На левом фланге пехота серой волной накатывает на афганские редуты. Пришпорив коня, Зябликов мчит туда. Солдаты кричат «Ура!», бегут, падают, скользят по размокшей глине, но вот уже кто-то вскочил на бруствер, за ним – еще и еще, и Зябликов, опьяненный битвой, летит вместе со всеми, врывается в редут, направляет коня на высокого смуглого афганца в стеганом халате и перепачканной кровью чалме. Он уверен, конь легко собьет дикаря с ног, но в последний момент афганец изворачивается и обрушивает трехфутовый кубер на шею Корда. Горизонт переворачивается у Зябликова в глазах, сухая земля прижимается к щеке, и оглушенный, обездвиженный, он видит, как жизнь кровавым фонтаном уходит из тела его коня. Шея рассечена до самого позвоночника, и Зябликов сжимается, ожидая еще одного разрушительного удара. Но проходит минута, а он все еще жив: видимо, афганца настигла русская пуля или же, избежав смерти, он обратился в бегство вместе со всем своим гарнизоном.

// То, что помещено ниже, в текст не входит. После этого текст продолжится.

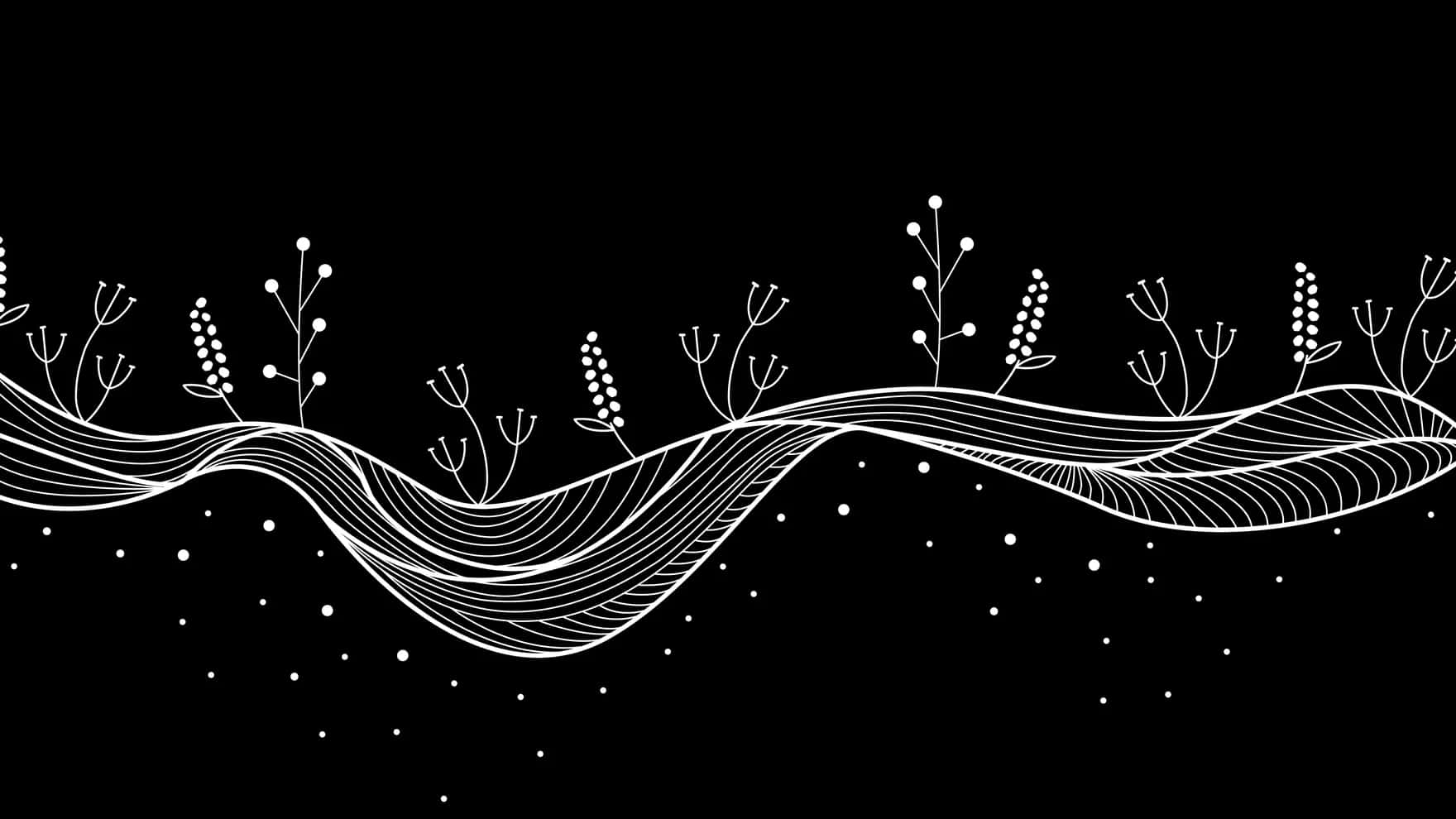 Black White Floral Waves Art Wallpaper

Зябликов вынимает левую ногу из стремени, пытается освободиться из-под бьющегося в конвульсиях лошадиного тела. Выставив вперед ружья с примкнутыми штыками, проносятся мимо солдаты. Ноги бегут, рты разинуты в крике «ура!», но звуков не слышно: в ушах шумит, не то от пальбы и далеких взрывов, не то от удара об землю. Зябликов вылезает из-под трупа Корда, встает, делает несколько неверных шагов, уф, слава Богу, ничего не сломал! Озирается – где его оружие? Ни шашки, ни винтовки. Его пьянит азарт боя, охота мчаться следом за всеми, гнать врага хоть до самого Герата – и Зябликов хватает ружье убитого солдата, и, выставив вперед штык, бежит туда, где продолжается битва.

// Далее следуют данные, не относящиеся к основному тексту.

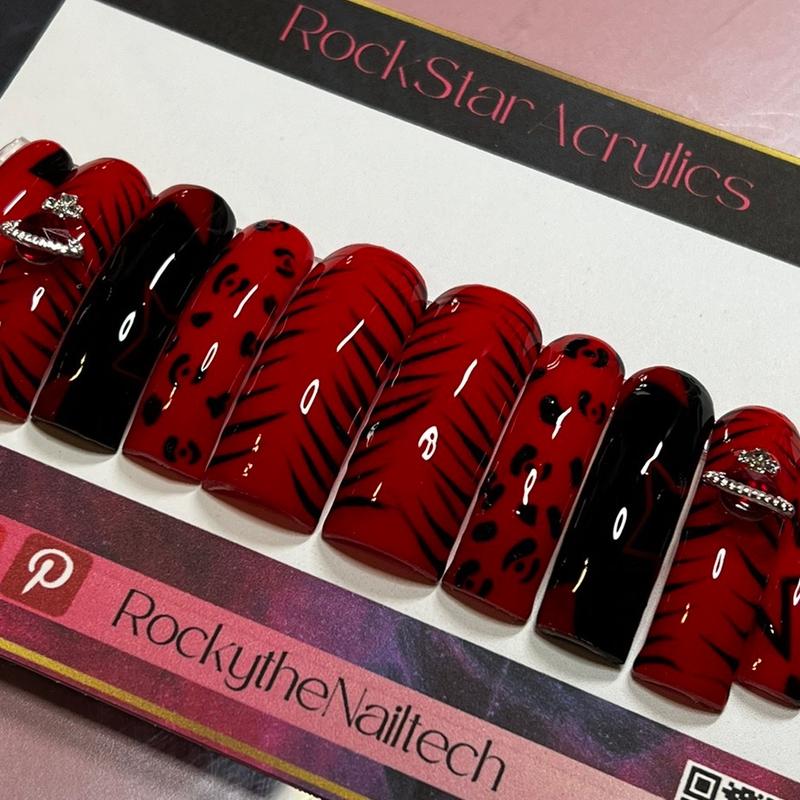 Red Curved Presson Nails Nail Art Nail Polish Nail Care Manicure Cosmetic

Афганец выскакивает внезапно – точь-в-точь как всадник, от которого Алексей увернулся в первой атаке. Он бросается сбоку, и Зябликов ударом приклада парирует рубящий удар, отбрасывает лезвие кубера и, теряя равновесие, тычет ружьем в живот афганцу, не успевает тот снова замахнуться. Штык вспарывает баранью шкуру, пробивает стенку брюшины, кромсает кишки, рассекает желудок. Смертоносный кубер отлетает в сторону, афганец рушится на землю, и Зябликов, выпустив ружье, падает на поверженного врага, лицом к лицу, словно не мужчину убил, а завалил в постель доступную женщину.
Смуглую кожу заливает предсмертная белизна, изо рта, распахнутого в немом крике, хлещет на спутанную бороду кровавая пена; огромные глубокие глаза подергиваются поволокой. Никогда еще Зябликов не видел смерть так близко. На мгновение ему хочется встряхнуть афганца, крикнуть: «Не умирай, не смей!» – но уже поздно: жизнь толчками уходит из искореженного тела, судорога последний раз комкает поросшие седым волосом щеки, глаза стекленеют… Зябликов лежит на теле убитого им человека, лежит и видит, как глубокий покой опускается на мертвое лицо, черты разглаживаются, обретают неожиданную мягкость, неумолимую торжественность… словно убитый судит Зябликова и одновременно прощает его.